**Given information**
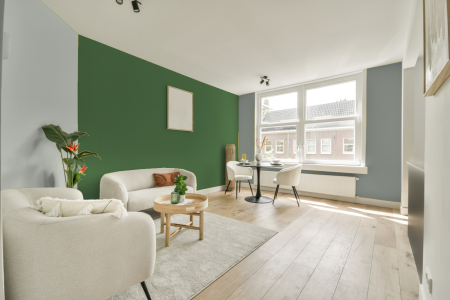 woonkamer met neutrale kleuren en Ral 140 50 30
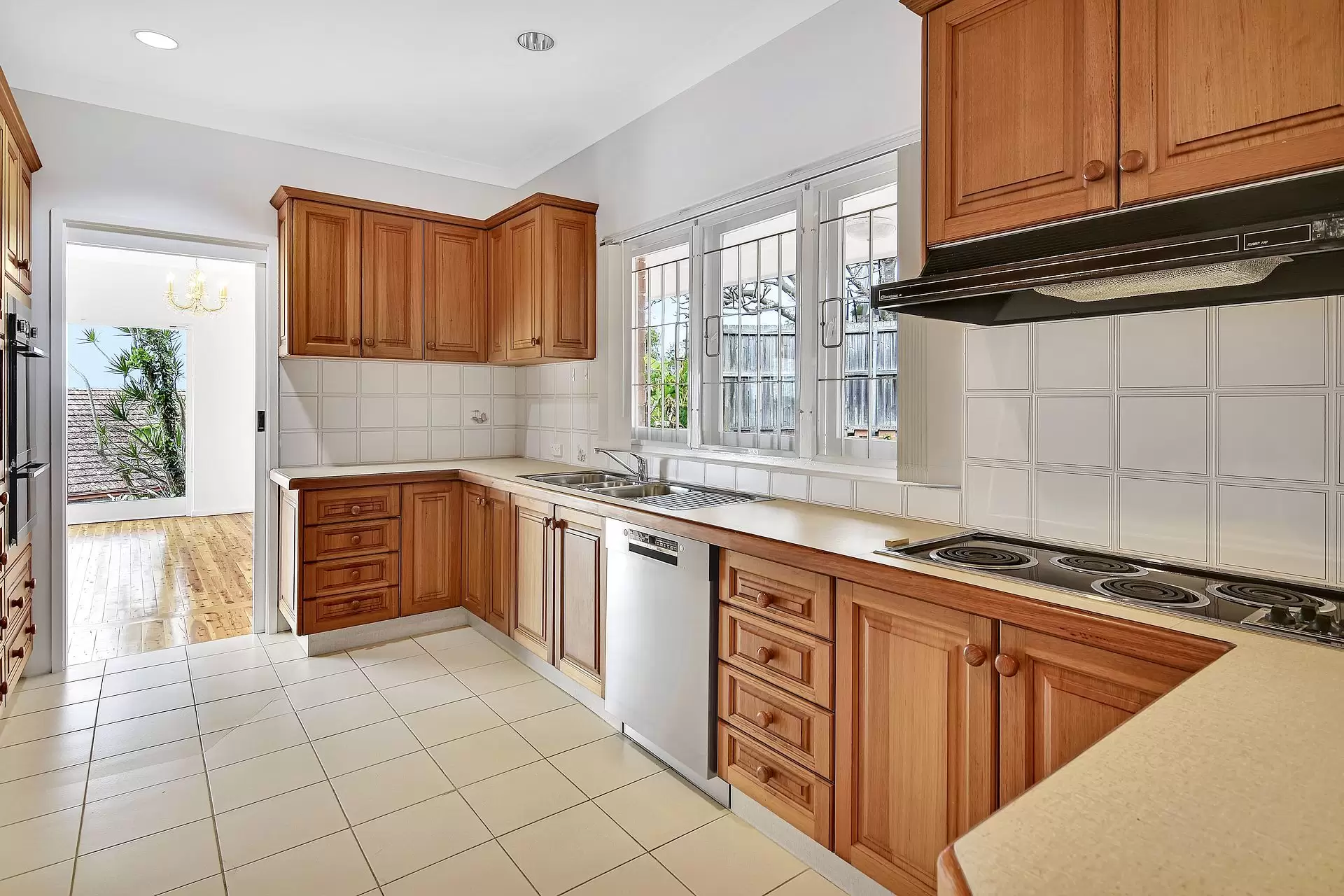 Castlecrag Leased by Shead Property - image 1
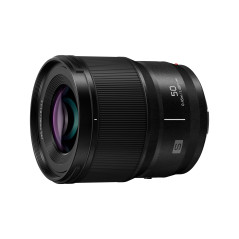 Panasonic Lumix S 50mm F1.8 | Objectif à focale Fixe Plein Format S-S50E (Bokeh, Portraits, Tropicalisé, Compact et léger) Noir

**What is required**
All of the material above goes into the copy exactly as is; the pictures do not.

**Solution to this exercise**
 woonkamer met neutrale kleuren en Ral 140 50 30
 Castlecrag Leased by Shead Property - image 1
 Panasonic Lumix S 50mm F1.8 | Objectif à focale Fixe Plein Format S-S50E (Bokeh, Portraits, Tropicalisé, Compact et léger) Noir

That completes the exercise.